ダーティハリー
サンフランシスコ。屋上プールで泳ぐ女性が何者かに狙撃されるという事件が発生した。捜査にあたるのは、いつも汚い仕事をまかされることから“ダーティハリー”なる異名をつけられたハリー・キャラハン刑事。やがて“さそり”と名乗る犯人から「十万ドルを渡さなければ市民を殺し続ける」という脅迫が届いた。予告通り、次々に無差別殺人を繰り返す“さそり”だったが、ハリーと相棒のチコはついに犯人の正体に迫る……。

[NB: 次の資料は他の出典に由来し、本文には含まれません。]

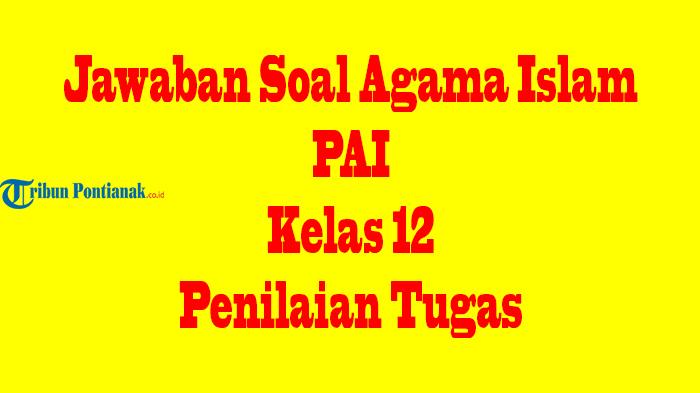 JAWABAN Agama Islam PAI Kelas 12 Bab 3 Munafik dan Keras Hati, Soal Pilihan dan Essay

「アクション・ヒーロー型映画」の原型となった名作であり、また後のクリント・ イーストウッド自身の監督作品の原型ともなっていると思われる。 説明的な場面、セリフなど省略されておりシンプルな展開である。 主人公の行動を端的に描写することで、行動スタイルを表現しているが、説明がない分ダイレ クトに見る側に伝わってくる。 無駄を省いた構成で、主題である主人公の非情かつ大胆なキャラクターを浮かびあがらせている。 映画が開始されて早々に、銀行強盗の現場に居合わせたハリーを描く。 ハリーは、迷うことなく44マグナムの大きな拳銃をぶっ放す。 組織内のしきたり、ルールにとらわれることなく、自分の行動哲学に従うのだ。 相棒であるチコとの対比でもハリーの行動信条が表現される。チコはハリーに協力的であるが、捜査の中で負傷し、妻の頼みで警察を辞め、教師へと転職してしまう。 常識的な相棒を配することでハリーの規格外のキャラクターを浮きだたせている。 1971年の作品であり、1930年生まれのクリント・イーストウッドは40歳くらい。 ドン・シーゲル監督とタッグを組んでの制作であるが、後の監督作品にも影響を与えているだろう。 無駄がなく削ぎ落された武骨なストーリーの美学が見てとれる。